Indeed, in so much recent discourse in the Church, it seems that the world’s definition of conscience has been taken instead of Newman’s. Not so long ago, an American bishop, now raised to the purple by the Holy Father, spoke of conscience not as God’s law apprehended by a rational creature, but as a decision, made at the end of a process. Now, it is true that this bishop did not go so far as the liberals of Newman’s day, but once one accepts conscience as a sort of judgment, rather than an individual’s implementation of God’s “sovereign, irreversible, absolute authority,” one is already skipping down the primrose path of liberalism. And no one was a stauncher opponent of liberalism than Cardinal Newman. Difficult questions of moral theology—questions of adultery, homosexual behavior, and access to the sacraments, to name but three—are once again being debated, with liberals invoking conscience in support of their positions. Liberalism is on the march again in the Roman Church. And, as an opponent of liberalism, Newman stands squarely against any attempt to turn conscience into nothing more than private judgment, into the more or less educated decision of a person to comply or not with God’s law. It is no wonder then that Newman was on Cardinal Caffarra’s mind.

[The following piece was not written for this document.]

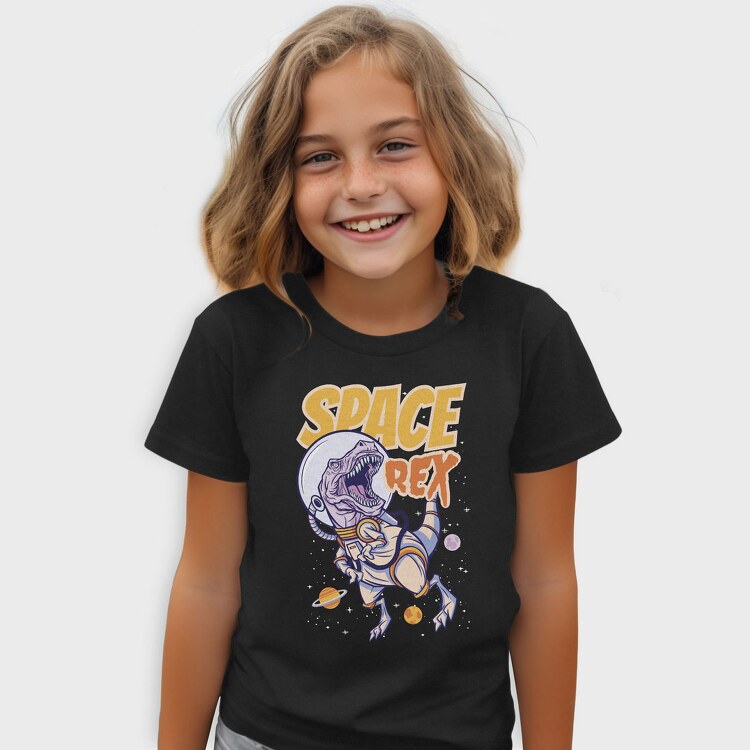 Trex Space, Tricou Copii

As it becomes clear that progressives in the Church insist on relitigating every battle since 1965—as they obviously think that the Holy Father will give them their every wish, whether he will or not—it becomes equally clear that a return to theologians like Newman is necessary. You have no doubt heard the disquieting rumors that even Humanae vitae is in the sights of the modernists and progressives, to say nothing of the recent fights in Catholic social media over homosexuality. We do not think the Holy Father is prepared to go as far as the modernists and progressives demanding this or that accommodation, but it is in the nature of modernism for its adherents to go beyond legitimate authority. At this moment, it is necessary to recover the entire anti-liberal teaching of the Church, including the great papal teachings from Gregory XVI to Pius XI, in addition to Newman’s thought. Liberalism is nothing new, however new and upsetting the assault of the progressives may be. And the great anti-liberal popes and thinkers like Newman fought liberalism to a standstill.